Ella, la que tanto amaba, caminó sobre la tristeza de los relojes desbocados. Parpadeaban los ojos verdes de las estrellas y la poeta se esforzaba por leer sus versos en las entrañas del cordero de todos los sacrificios. Ella se llama Gioconda Belli y ganó el premio Gil de Biedma que organiza la sabiduría literaria de Gonzalo Santonja.
Juntas, la poeta y el amor, vivían sus nostalgias encendidas. Eran dos pájaros fugitivos dispuestos a desaguar en naves diferentes. Sus memorias yacen en las bibliotecas mientras las roncas sirenas de sus barcos se avistan en la niebla. A ella le tentaba siempre el amor con sus espinas y sus tercos arañazos. El pez rojo que nada en el pecho (Visor) condensa el zarpazo erótico de la poeta, enredado en los agrestes patios, allí donde se escucha el ruido estridente de su corazón. Navegante de muchas soledades, la poeta está tan enamorada, que se hace para ella insoportable la desolación provocada por una sola noche de ausencia del amante.
Embrujada en el bosque distante, Gioconda gime su amor por veredas y manglares oscuros hasta los monumentales ceibos de la jungla. Es la magia de penetrar los sueños. Y recuerda a John Donne, aunque no quiere preguntar por quién doblan las campanas. Sabe que doblan por el amor desvanecido. La poeta ama la noche de los ojos abiertos que es el horizonte de su mirada. Gioconda de la sonrisa perdida, las serpientes del desamor clavan cada madrugada sus mandíbulas anchas sobre sus pensamientos.

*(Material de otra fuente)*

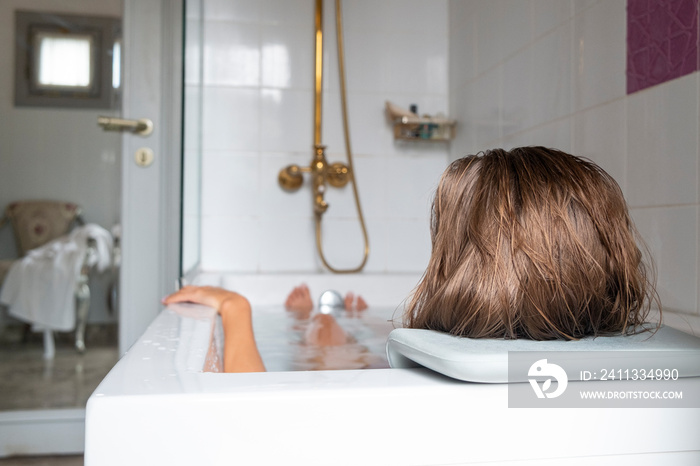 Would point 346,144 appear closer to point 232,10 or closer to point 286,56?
point 286,56

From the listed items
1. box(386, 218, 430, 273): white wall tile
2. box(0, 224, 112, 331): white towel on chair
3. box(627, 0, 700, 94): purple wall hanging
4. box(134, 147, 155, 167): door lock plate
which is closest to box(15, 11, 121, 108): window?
box(134, 147, 155, 167): door lock plate

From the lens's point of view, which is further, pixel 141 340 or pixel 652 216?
pixel 652 216

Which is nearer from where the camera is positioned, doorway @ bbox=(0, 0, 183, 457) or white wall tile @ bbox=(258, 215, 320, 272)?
doorway @ bbox=(0, 0, 183, 457)

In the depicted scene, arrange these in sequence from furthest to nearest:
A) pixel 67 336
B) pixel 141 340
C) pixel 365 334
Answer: pixel 67 336, pixel 365 334, pixel 141 340

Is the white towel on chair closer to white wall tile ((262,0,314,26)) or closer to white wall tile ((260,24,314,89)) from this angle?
white wall tile ((260,24,314,89))

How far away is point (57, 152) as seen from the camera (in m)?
1.93

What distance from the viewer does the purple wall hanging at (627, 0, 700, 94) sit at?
3.55ft

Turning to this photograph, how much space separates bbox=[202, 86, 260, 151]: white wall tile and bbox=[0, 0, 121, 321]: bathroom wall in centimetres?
38

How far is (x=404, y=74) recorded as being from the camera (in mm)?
2381

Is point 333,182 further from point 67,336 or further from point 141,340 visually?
point 141,340

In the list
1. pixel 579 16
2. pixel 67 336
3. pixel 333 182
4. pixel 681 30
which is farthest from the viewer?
pixel 333 182

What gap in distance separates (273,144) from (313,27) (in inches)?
19.1

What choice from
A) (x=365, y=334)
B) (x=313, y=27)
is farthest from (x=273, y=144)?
(x=365, y=334)

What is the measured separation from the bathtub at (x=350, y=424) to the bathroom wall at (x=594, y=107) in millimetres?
629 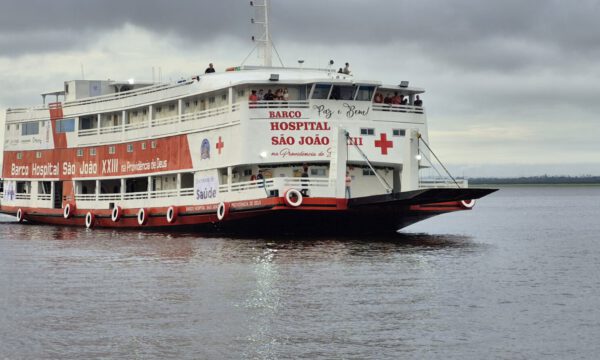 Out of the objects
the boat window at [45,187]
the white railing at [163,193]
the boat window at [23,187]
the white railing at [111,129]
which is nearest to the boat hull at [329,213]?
the white railing at [163,193]

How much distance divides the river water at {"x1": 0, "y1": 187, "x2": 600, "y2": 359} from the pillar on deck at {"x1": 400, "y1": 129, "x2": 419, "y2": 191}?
216 centimetres

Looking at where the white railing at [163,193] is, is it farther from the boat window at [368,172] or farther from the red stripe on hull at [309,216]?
the boat window at [368,172]

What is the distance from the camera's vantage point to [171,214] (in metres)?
39.4

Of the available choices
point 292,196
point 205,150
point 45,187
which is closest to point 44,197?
point 45,187

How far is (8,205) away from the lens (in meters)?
52.3

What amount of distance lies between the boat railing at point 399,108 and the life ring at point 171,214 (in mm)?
9620

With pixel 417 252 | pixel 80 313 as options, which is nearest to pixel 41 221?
pixel 417 252

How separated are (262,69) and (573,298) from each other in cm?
2128

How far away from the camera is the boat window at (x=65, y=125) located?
155ft

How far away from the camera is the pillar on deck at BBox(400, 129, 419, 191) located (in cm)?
3394

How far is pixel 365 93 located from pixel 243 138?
4961 mm

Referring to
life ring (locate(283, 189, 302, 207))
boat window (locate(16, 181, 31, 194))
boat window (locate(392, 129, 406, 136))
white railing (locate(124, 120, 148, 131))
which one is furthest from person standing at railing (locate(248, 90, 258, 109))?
boat window (locate(16, 181, 31, 194))

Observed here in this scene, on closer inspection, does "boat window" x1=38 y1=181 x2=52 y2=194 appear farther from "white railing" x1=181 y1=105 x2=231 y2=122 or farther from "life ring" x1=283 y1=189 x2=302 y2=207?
"life ring" x1=283 y1=189 x2=302 y2=207

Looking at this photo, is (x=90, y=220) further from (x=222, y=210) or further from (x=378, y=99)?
(x=378, y=99) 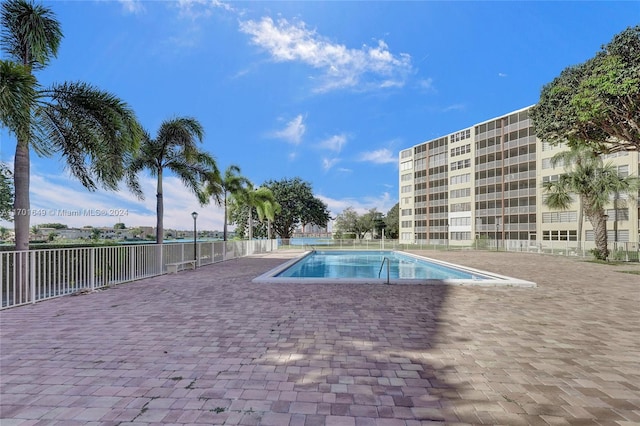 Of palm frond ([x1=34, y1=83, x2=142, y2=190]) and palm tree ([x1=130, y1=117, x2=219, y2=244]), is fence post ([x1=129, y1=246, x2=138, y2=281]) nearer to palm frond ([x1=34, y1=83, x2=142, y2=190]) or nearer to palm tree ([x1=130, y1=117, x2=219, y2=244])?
palm frond ([x1=34, y1=83, x2=142, y2=190])

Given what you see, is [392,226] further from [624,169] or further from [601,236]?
[601,236]

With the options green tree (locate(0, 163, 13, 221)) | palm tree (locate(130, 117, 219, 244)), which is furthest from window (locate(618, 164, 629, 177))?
green tree (locate(0, 163, 13, 221))

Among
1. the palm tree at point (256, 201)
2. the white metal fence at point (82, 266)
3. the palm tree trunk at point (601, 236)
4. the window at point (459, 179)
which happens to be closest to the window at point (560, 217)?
the window at point (459, 179)

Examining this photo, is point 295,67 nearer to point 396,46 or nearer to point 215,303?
point 396,46

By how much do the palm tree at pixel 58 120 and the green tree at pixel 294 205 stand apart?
33.9m

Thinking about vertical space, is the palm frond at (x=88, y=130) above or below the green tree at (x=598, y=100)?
below

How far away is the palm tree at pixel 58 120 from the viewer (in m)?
6.78

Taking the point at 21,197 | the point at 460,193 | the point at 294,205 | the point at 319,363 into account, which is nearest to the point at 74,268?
the point at 21,197

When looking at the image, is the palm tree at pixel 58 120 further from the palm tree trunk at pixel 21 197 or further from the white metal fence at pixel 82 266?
the white metal fence at pixel 82 266

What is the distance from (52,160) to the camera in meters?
7.51

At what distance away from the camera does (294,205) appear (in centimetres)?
4247

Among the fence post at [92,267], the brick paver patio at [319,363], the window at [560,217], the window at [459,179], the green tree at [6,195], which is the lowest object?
the brick paver patio at [319,363]

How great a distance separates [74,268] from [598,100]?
15.4m

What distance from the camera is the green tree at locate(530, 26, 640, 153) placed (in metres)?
8.95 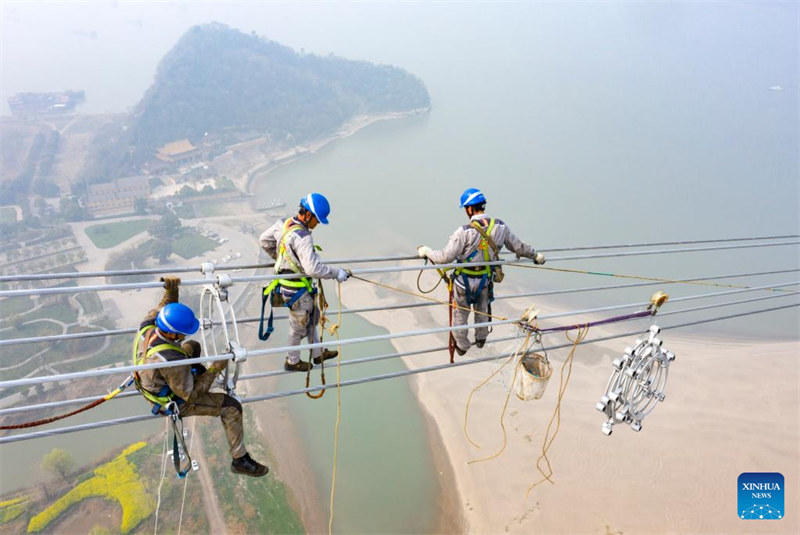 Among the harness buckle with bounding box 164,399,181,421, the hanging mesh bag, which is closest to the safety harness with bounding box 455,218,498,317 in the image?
the hanging mesh bag

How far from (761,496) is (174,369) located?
1961cm

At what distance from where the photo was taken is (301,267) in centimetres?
514

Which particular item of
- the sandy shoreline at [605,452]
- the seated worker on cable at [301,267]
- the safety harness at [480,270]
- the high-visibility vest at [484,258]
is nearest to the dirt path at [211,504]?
the sandy shoreline at [605,452]

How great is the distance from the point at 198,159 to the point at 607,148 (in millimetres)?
45333

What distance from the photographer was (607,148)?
58.1 meters

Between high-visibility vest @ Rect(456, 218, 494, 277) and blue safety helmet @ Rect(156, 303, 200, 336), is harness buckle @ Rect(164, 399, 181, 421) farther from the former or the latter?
high-visibility vest @ Rect(456, 218, 494, 277)

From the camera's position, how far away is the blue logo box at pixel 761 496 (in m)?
16.4

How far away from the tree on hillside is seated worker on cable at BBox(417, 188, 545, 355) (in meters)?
19.4

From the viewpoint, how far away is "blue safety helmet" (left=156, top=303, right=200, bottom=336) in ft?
14.5

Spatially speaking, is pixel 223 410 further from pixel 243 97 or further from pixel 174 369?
pixel 243 97

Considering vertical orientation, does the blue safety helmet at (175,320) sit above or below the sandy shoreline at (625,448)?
above

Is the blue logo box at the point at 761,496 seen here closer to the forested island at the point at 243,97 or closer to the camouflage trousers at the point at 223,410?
the camouflage trousers at the point at 223,410

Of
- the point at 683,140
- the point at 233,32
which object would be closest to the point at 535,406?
the point at 683,140

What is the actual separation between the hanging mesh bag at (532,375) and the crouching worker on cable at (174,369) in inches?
120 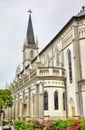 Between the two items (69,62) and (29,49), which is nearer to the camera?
(69,62)

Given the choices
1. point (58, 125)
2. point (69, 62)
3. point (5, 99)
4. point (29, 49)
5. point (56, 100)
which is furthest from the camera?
point (29, 49)

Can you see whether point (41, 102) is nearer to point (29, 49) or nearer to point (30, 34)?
point (29, 49)

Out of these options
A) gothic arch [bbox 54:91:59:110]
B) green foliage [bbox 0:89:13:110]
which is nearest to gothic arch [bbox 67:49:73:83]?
gothic arch [bbox 54:91:59:110]

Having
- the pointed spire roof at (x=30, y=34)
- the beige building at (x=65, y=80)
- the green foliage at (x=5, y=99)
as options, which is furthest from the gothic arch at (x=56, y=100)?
the pointed spire roof at (x=30, y=34)

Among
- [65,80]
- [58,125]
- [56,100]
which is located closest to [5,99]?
[56,100]

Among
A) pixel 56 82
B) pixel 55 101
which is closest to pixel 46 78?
pixel 56 82

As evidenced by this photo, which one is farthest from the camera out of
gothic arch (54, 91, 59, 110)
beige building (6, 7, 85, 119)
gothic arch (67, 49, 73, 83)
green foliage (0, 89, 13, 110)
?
green foliage (0, 89, 13, 110)

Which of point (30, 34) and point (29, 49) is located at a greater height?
point (30, 34)

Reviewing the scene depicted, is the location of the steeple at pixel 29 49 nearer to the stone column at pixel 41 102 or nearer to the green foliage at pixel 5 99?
the green foliage at pixel 5 99

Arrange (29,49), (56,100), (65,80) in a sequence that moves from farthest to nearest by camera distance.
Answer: (29,49)
(65,80)
(56,100)

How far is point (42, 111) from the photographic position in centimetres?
2967

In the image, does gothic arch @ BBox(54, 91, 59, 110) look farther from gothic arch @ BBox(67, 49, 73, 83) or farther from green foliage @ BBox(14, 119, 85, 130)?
green foliage @ BBox(14, 119, 85, 130)

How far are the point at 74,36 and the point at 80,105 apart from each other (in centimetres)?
928

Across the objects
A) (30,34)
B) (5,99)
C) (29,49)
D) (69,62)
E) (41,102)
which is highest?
(30,34)
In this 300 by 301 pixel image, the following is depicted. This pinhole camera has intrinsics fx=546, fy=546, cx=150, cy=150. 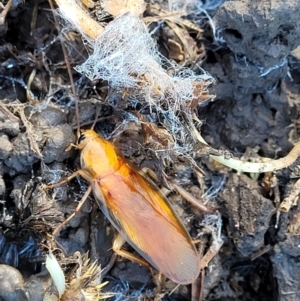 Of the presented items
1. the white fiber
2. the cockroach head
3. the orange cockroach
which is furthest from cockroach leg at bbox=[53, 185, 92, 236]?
the white fiber

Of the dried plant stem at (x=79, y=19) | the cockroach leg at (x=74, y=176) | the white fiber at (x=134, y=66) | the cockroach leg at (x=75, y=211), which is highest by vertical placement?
the dried plant stem at (x=79, y=19)

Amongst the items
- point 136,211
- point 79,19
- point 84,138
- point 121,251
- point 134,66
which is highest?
point 79,19

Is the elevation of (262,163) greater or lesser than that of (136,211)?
lesser

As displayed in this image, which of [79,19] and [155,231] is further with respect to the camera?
[155,231]

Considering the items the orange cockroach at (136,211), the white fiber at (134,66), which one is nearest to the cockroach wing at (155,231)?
the orange cockroach at (136,211)

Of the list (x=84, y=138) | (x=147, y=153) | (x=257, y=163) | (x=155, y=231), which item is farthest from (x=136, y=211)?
(x=257, y=163)

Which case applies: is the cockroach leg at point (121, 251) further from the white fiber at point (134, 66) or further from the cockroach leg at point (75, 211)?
the white fiber at point (134, 66)

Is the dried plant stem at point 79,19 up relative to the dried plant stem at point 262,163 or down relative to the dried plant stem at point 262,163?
up

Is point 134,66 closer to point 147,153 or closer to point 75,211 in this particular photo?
point 147,153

El ars amandi le hace sangrar y, como no acepta razones para la inercia triste, se entrega a las caricias de los lagos.
Como Safo de Lesbos, hija de Escamandrónimo, GiocondaBelli querría escribir a Afrodita: “¿A quién deseas que a tu amor yo lleve?”. Y dicen que devastada por el deseo no correspondido, la escritora lésbica se suicidó lanzándose al mar desde la roca Léucade mientras Alceo, también Terpandro y Arión, derramaron lágrimas de fuego por la poeta perdida. Afrodita no quiso atender su “encendido ruego” y se anticipó a sor Juana Inés de la Cruz al decir: “Y cuando esquives el ardiente beso, más querrá besarte”.
Nicaragüense como Rubén Darío, pero sin influencias de su estilo poético, Gioconda Belli no sabe adónde vamos ni de dónde venimos. Por eso se sumerge en la sabiduría del firmamento: “Cien mil millones de estrellas lanzadas como canicas al frío del espacio en la Vía Láctea. Ciento cincuenta mil años luz para llegar a la galaxia vecina, la Gran Nube de Magallanes. Ochenta y seis mil millones de neuronas activándose en el cerebro de cinco a cincuenta veces por segundo para un trillón de sinapsis, alimentando el misterioso universo que funciona dentro de mí”.
La poeta, en fin, afirma que es la mujer que es, la que llora sobre las páginas y doma las palabras. Bajo la borrasca nerudiana, es tan corto el amor y es tan largo el olvido. “De otro será de otro, como antes de mis besos, su voz, su cuerpo claro, sus ojos infinitos”. Fuerte como una ceiba que se disfraza de flor, a Gioconda, la poeta, la zarandea todo el bronco sabor de la existencia. “Has prendido fuego a mi corazón que se abrasa en el deseo”. Aunque no todo está perdido porque, en definitiva, escribe, es el alma la que habla, solo el alma.